Berube, a North Providence native who is set to begin classes at Brown’s Warren Alpert Medical School in the fall, said she had always been fascinated with ancient Egypt and signed up for the class to “appease the little kid in me.” She said every week with Almansa-Villatoro is a new adventure, and she’s never sure what to expect next: She has written creative essays, has considered different modern-day opinions on the influence of the Old Kingdom and looks forward to an upcoming virtual field trip and Zoom discussion.

“Vicky does a really good job of integrating a variety of activities and technologies into the course while encouraging us to think from a number of different perspectives,” Berube said, “which prevent the course from getting boring or feeling repetitive.”

Almansa-Villatoro said her students have been especially appreciative of the course’s flexible schedule after the COVID-19 pandemic prompted Brown to close residence halls in mid-March.

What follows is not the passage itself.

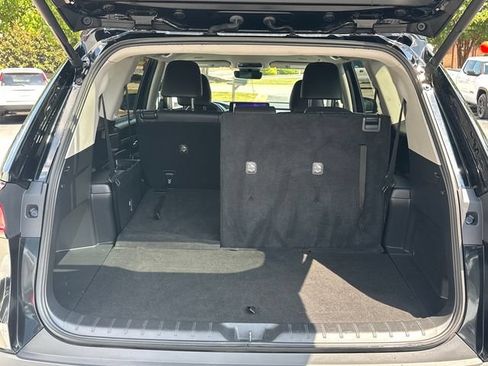 Used 2024 Toyota Grand Highlander AWD image 5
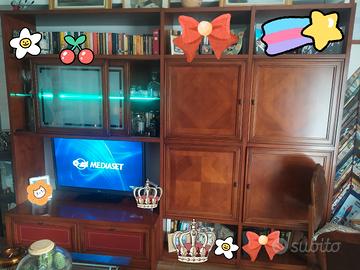 Parete attrezzata in legno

The students, now dispersed across U.S. time zones, have the freedom to watch Almansa-Villatoro’s videos and respond to discussion questions at whatever time is most convenient for them — and Almansa-Villatoro, now back in the U.S. after the spread of novel coronavirus cut her time in Egypt short, is able to respond to their questions and comments more quickly.

She said she hopes her remote teaching experience can help inspire faculty and graduate instructors to rethink course design and open their minds to the possibilities of online instruction, even after the global public health crisis passes.

“I don’t think all instructors at Brown know they have access to people who can help them design online classes,” Almansa-Villatoro said. “Online teaching can take the form of a Zoom lecture and discussion, but it doesn’t have to. There are other ways to design your class that take advantage of all the benefits of the remote setting: the flexibility it gives students, the creativity it can inspire.”